雪がとけたら
「西に言えば貸してもらえるよ」
そう言おうとしたが、せっかくの放課後デートの誘いを無下に断ることもない。
「いいよ」
僕は鞄を手に立ち上がる。
「やった」と小さく微笑むあいつが可愛くて、西図書館を紹介しなくてよかったと心から思った。
…下駄箱を出ると思いの外秋風が冷たくなっている事に気付く。
あいつもそう感じたのか、「さむ」と細い両腕を抱えていた。
「そろそろマフラーの季節かなぁ」
「それより前に、雪ちゃんはブレザーを着るべきだよ」
薄い僕のセーターをつまむあいつに、「ブレザー苦手なんだよ」と苦笑しながら答える。
そのまま流れる様にその手をとり、「さみぃな」となるべく自然を装いながら歩き始めた。

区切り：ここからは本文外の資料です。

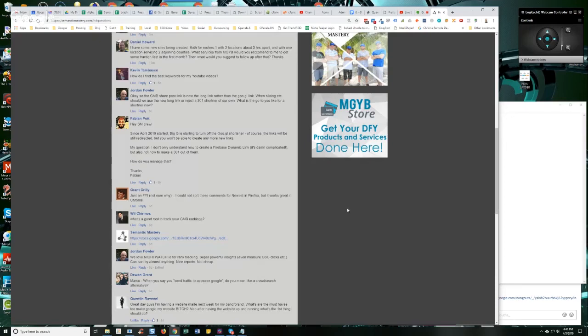And then you test it. Even if they tell you, oh yeah, I can do that. I can get local IPs and I can get traffic to go in there like that. You test it.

あいつもその自然さを演じながら「そうだね」と微笑む。
この小さな幸せの瞬間が、最近一番好きな瞬間だ。
…少し歩くと、門の側にマフラーを巻いた二人の男性が見えた。
丁度マフラーの事を考えていたから、用意周到な彼らを羨ましく思う。
「いいな、マフラー」
あいつにも同意を求めようと話しかけたが、あいつは彼らを見て固まっていた。
瞬間、彼らが何者なのかを悟る。